Paulo Bunze

Personal information
- Full name: Paulo Cezár Dos Santos Bunze
- Date of birth: 19 July 1988 (age 37)
- Height: 1.81 m (5 ft 11 in)
- Position(s): Forward

Senior career*
- Years: Team / Apps / (Gls)
- 2009: Waltham Forest
- 2013: FC Jūrmala / 6 / (0)
- Michigan Stars FC
- Apollon Kalamata
- PAS Korinthos
- –2016: Apollon Kalamata
- 2016: AE Pellanas Kastoriou / 13 / (4)
- 2017/2018–: Zwekapin United FC /  / (1)

= Paulo Bunze =

Angolan-Portuguese footballer

Paulo Cezár Dos Santos Bunze (Greek: Σάντος Πάολο born 19 July 1988) is an Angolan-Portuguese professional footballer who is under contract to Zwekapin United of the Myanmar National League. He is able to represent Angola internationally and plays as a midfielder.

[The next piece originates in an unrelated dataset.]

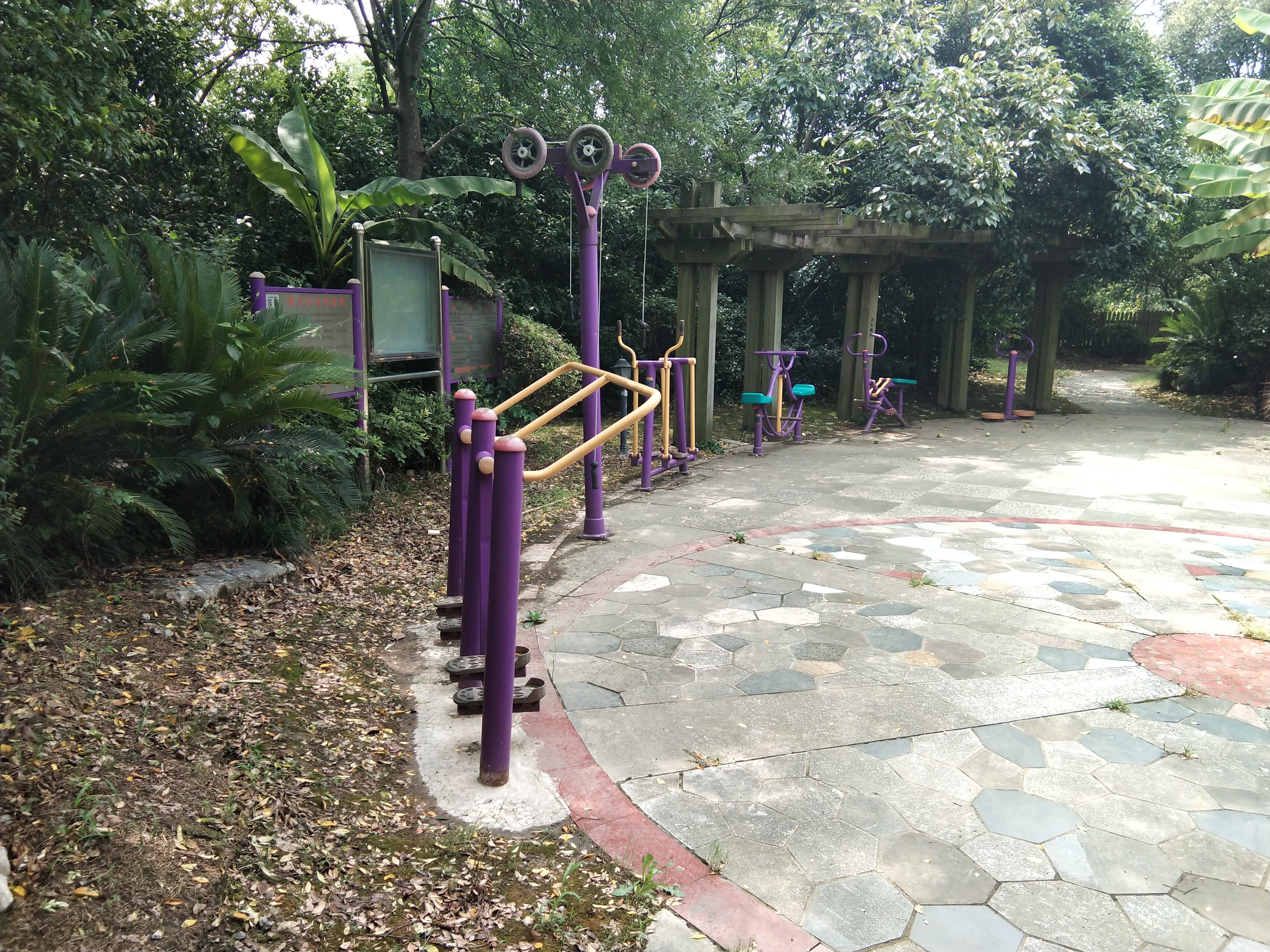 湖山在望健身點(diǎn)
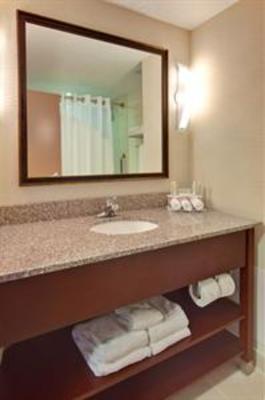 фото отеля Holiday Inn Express Hotel & Suites Brockville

Besides Portugal, he has played in England, Latvia, Greece and Myanmar.

==Career==
===Latvia===
One of Jurmala's new imports for 2013, Bunze claimed that the gameplay there was more bellicose and less technical.

===Greece===
Impressing Apollon Kalamata in January 2016, his previous club PAS Korinthos disputed Apollon's transfer claim of the Angolan-Portuguese attacker, explaining that he was still representing them in competitions. Eventually, Bunze became part of Apollon, picking up a three-match suspension in March before joining AE Pellanas Kastoriou succeeding a failed deal with Tsiklitiras Pylos.